Re: Some questions about sparse files
- From: nickdu <nicknospamdu@xxxxxxxxxxxxxxxx>
- Date: Mon, 29 Dec 2008 20:11:00 -0800
Another part of my application is not doing the work either. The client to
my application will have to do the work of storing the cookie I give back to
them. It's similar to a DB I guess. The DB just stores the data. If you
want to gain access to it you need to construct the correct SQL to get to the
data that you stored. In my case they ask me to store a blob. I do so and
return them a cookie which they need to use when they want to retrieve the
blob they stored.
In addition I have the ability to enumerate all the blobs in the store.
I won't need to have a blob to block map. When someone ask for blob at
index 5 I seek to location 5 * 1GB, read the length of the blob, read the
blob and return it to them. That's it.
The goal was to reduce the complexity of my code. The OS already gives me
this feature for free so why not use it. The Change Journal seems to have
thought it was a good feature. I have the same sort of requirement (I
think). I have a variable blob size and I would like to not waste a lot of
disk space. So I set an arbitrary large size and let the OS handle figuring
out what space to consume.
Of course I want to verify the OS implementation was good and that my
requirements are such that using sparse files might make sense which is why
I'm asking the question here.
--
Thanks,
Nick
nicknospamdu@xxxxxxxxxxxxxxxx
remove "nospam" change community. to msn.com
"m" wrote:
So your solution is to have another part of the app do the work?.
Do these references persist across restarts? If so, then how do you expect
them to be stored? As part of a larger already existing entity?

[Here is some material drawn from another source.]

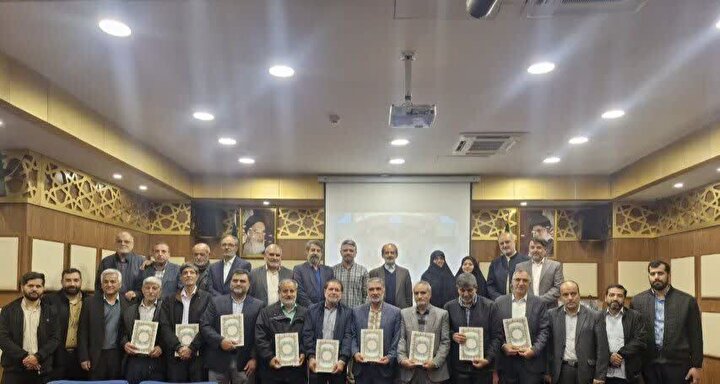 تقدیر از دست‌اندرکاران خراسانی اجلاسیه ملی شهدای غریب در اسارت در مشهد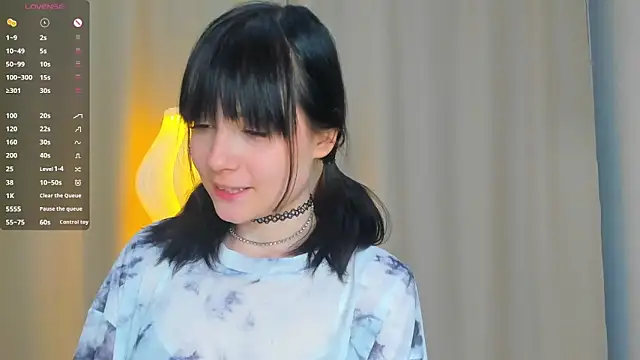 Honeey Beee online show from 23, 9, 2025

It was not the specifics of your psudocode that I was responding to but the
nature of if and the obvious indications that you are not considering the
full scope of the problems you will need to solve for this solution to be
fully functional and reliable.
However, as it is obvious that I can't dissuade you from your purpose, I
have endeavoured to point out some of the problems that you will face
The main advantage of this design is eliminating the need to call CreateFile
when a new blob is to be written or must be retrieved by having a single
data file always open. Depending on your data rate, this overhead is likely
insignificant; but if your data rate is really high, then you may need to
follow this approach. Of course the primary reason to use a sparse file is
to simplify the code, at the expense of IO performance, and this would seem
counterproductive in this case. Also, the code complexity increased by
keeping a blob to block map versus a static offset is not significant with
respect to the complexity required to prevent file corruption during HW / OS
failures.
And hence my original question: what is it about your program that makes it
possible to do this better than the filesystem?
"nickdu" <nicknospamdu@xxxxxxxxxxxxxxxx> wrote in message
news:3E3FF996-50D7-4179-96EA-92140E6D0789@xxxxxxxxxxxxxxxx
The indiex is the cookie I returned from my Store() method. The consumer
was
given the cookie and they give it back to me when they want to retrieve
the
blob.
As it was pseudo code I provided I was not too concerned with performance.
--
Thanks,
Nick
nicknospamdu@xxxxxxxxxxxxxxxx
remove "nospam" change community. to msn.com
"m" wrote:
Okay - how would you get the index? This is what you need to be able to
do
better than the file system does for this plan to make sense. And you
need
to be able to say that the benefit of using your sparse file is
sufficient
to outweigh the extra problems with backup & maintenance.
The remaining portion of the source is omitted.